注:クワガタの輸出入に関しては双方の許可が必要です。


   2004.7.9(初日)

AM10:30の便に乗るため9時頃に関空に着いたのであるが、チェックインに40分もかかってしまい、両替やらでとても忙しかった。3万円両替して8000(元)圓。ちなみに採集費用は、車のガソリン代、宿泊費(現地協力者分含む)、発動機等レンタル代、お土産代(桃)を入れても3人で割ると1人4000元も使わなかった。

さあいよいよ出発、AM10時30分関空発の便に乗り込み、T氏とは台北空港で落ち合うことにしました。

台北空港にて:左端:K氏、T氏と段取りをするウー氏

さあいよいよ採集に向けてレッツゴー、空港で出迎えてくれた、ウー氏、シュウ氏、ジャックバック氏(以下ジャック)、それに私たち3人を乗せて先ずはライトトラップの準備という事で、発動機、ライト、ガソリン等を積み込む。しかし、5人乗りの箱バンに6人はつらい、途中でウー氏とジャックを降ろし、彼らは2時間くらい遅れて別の車で来るという・・・。
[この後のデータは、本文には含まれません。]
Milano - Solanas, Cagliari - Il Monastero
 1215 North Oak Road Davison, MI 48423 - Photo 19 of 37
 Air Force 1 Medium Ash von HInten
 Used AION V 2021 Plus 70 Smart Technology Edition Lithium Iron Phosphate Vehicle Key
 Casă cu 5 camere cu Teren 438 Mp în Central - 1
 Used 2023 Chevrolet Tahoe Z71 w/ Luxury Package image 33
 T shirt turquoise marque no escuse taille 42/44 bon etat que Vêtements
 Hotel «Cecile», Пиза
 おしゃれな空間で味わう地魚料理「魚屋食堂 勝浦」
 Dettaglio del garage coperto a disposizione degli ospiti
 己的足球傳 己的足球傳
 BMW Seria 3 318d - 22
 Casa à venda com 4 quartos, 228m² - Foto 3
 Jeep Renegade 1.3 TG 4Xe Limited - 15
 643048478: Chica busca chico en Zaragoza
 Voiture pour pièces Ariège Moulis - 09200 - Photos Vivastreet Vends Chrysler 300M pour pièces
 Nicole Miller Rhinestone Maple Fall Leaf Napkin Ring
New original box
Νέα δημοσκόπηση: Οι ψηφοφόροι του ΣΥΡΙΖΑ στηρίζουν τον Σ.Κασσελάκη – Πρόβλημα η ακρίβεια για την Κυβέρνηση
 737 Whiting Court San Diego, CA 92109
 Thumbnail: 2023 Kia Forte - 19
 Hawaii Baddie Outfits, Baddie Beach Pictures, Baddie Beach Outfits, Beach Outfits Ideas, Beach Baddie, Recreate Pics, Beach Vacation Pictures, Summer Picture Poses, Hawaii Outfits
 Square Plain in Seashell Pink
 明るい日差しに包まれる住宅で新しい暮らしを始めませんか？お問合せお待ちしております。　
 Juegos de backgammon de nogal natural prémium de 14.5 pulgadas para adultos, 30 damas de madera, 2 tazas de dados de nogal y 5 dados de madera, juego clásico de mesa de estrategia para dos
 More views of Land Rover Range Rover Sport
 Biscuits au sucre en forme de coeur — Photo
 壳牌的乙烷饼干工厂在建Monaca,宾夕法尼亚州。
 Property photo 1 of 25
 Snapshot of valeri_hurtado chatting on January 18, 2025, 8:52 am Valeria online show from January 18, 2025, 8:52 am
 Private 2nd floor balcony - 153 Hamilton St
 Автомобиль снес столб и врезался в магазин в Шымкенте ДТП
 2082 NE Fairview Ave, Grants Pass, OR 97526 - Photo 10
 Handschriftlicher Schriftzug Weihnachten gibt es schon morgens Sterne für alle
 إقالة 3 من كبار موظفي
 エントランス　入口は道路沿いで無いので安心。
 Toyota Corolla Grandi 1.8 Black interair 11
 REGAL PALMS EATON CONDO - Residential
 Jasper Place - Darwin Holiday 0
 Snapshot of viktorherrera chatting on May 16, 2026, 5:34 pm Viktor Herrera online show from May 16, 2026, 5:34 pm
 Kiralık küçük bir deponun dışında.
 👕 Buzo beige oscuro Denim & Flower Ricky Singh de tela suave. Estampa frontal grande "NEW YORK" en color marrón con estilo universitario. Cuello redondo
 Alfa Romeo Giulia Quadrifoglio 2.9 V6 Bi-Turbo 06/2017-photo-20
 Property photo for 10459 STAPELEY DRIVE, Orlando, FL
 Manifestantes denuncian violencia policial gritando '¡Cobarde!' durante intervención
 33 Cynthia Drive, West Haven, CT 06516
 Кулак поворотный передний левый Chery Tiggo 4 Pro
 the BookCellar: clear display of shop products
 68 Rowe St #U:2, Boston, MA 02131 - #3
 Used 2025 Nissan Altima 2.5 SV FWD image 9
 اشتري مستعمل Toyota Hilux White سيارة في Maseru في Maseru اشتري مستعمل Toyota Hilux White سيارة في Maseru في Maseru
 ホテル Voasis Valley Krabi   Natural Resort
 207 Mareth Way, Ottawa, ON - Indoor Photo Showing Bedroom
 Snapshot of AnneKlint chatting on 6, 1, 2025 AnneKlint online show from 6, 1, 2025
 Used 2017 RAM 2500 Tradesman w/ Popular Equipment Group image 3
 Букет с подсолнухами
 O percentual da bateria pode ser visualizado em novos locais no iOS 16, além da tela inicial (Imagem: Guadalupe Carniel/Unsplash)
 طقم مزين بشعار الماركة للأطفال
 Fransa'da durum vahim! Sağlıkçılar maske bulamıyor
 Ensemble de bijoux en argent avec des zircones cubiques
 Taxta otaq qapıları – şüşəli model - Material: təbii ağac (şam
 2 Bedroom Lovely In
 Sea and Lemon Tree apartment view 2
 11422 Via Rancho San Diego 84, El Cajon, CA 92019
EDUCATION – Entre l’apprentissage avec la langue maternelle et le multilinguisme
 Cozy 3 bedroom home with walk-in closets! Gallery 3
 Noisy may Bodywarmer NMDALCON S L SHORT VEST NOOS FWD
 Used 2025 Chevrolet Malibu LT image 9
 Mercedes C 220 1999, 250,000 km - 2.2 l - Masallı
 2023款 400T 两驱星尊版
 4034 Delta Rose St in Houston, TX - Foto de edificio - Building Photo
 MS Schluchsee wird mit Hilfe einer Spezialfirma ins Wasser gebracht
果たしてわれわれ3人はどこに連れられていくのであろうか・・・

T氏は、ウー氏とその後の段取りについて色々と話していたそうだが、当初予定していたオクマンタイは、先の台風の影響で道路が寸断されたらしく、クワガタ屋にとってはある意味聖地であるパーリン(巴陵)中心に、ライトトラップ、灯下回り、樹液採集をするという。

シュウ氏とわれわれ3人は、途中「オネエチャン」の話で盛り上がり、郊外に点在する「ビンラン」売りの小屋?めぐりをすることに・・。
「ビンラン」とは、台湾の嗜好品で独特の販売方法をとるようであった。是非!行かれた時はお試しあれ。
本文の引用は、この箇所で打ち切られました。